## What the task requires
With the pictures left out, restate exactly the part below that opens with the line containing "Deer whiskey pourer" and closes with the line containing "Black/White Polka Dot Bottoms".

## Records supplied
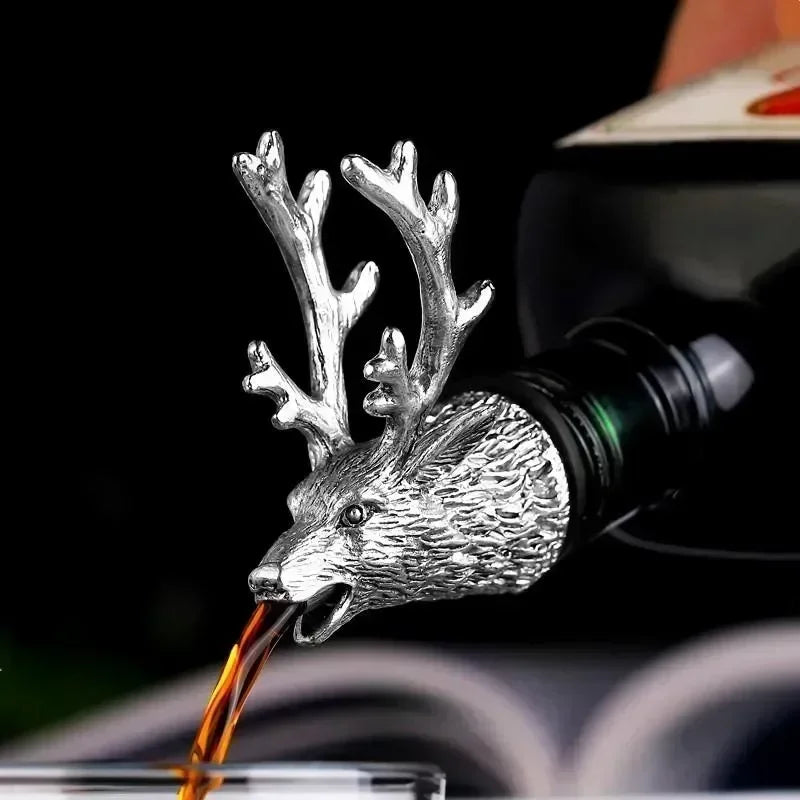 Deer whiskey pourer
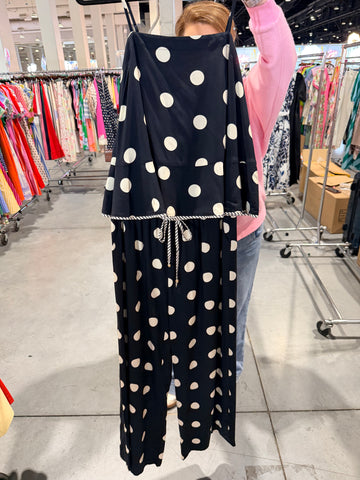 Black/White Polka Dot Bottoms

--

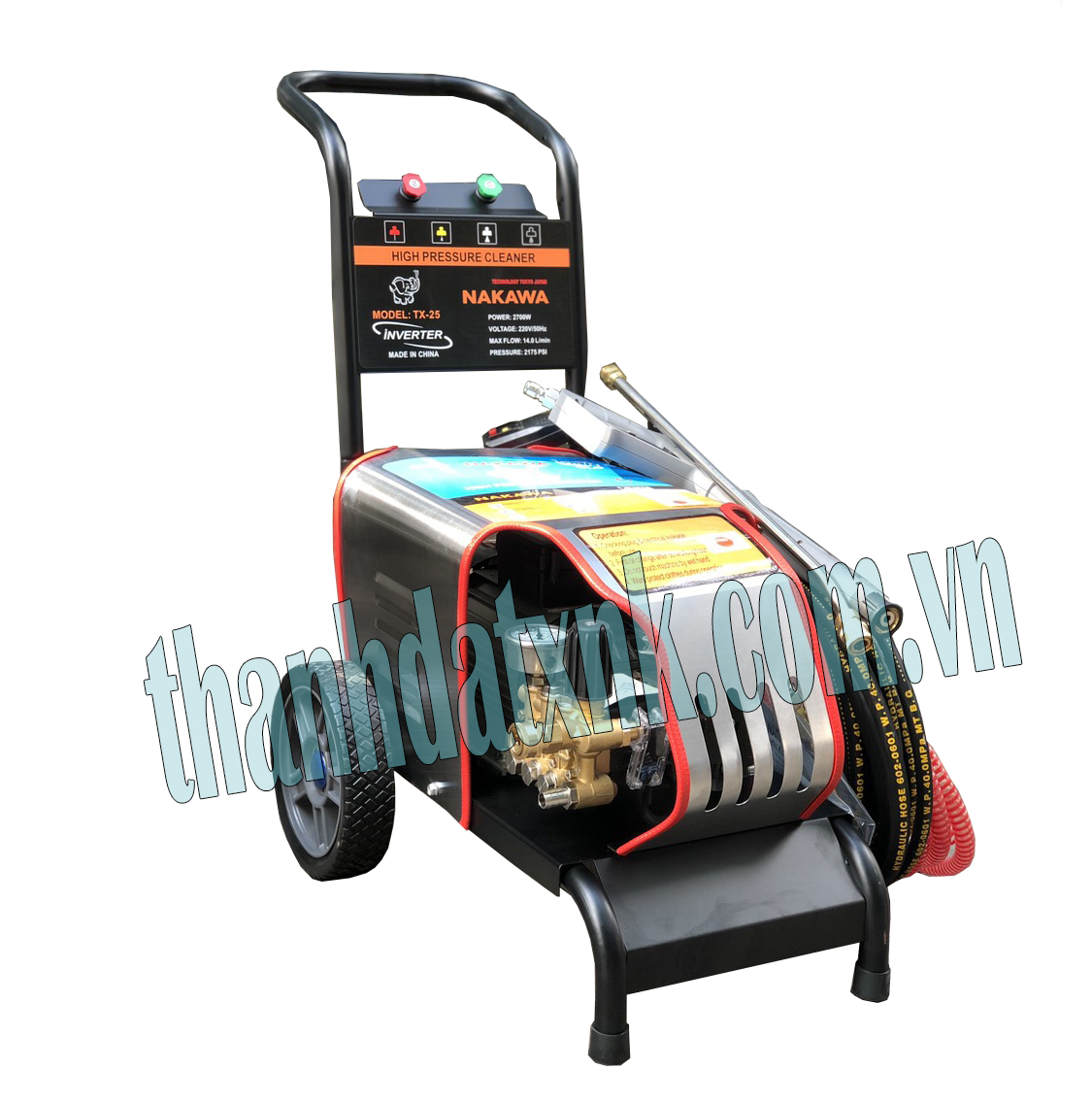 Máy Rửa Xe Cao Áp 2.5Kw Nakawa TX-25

* * *

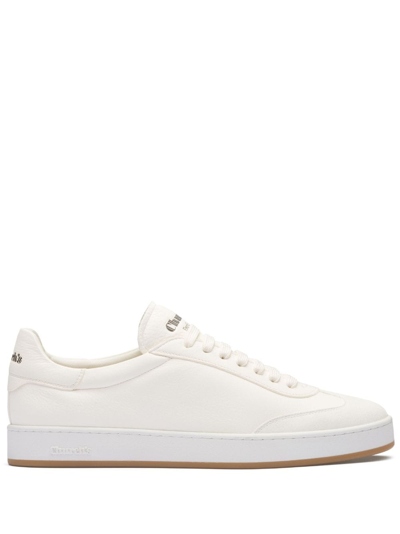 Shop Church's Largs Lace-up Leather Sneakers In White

## Answer space
 Deer whiskey pourer
 Black/White Polka Dot Bottoms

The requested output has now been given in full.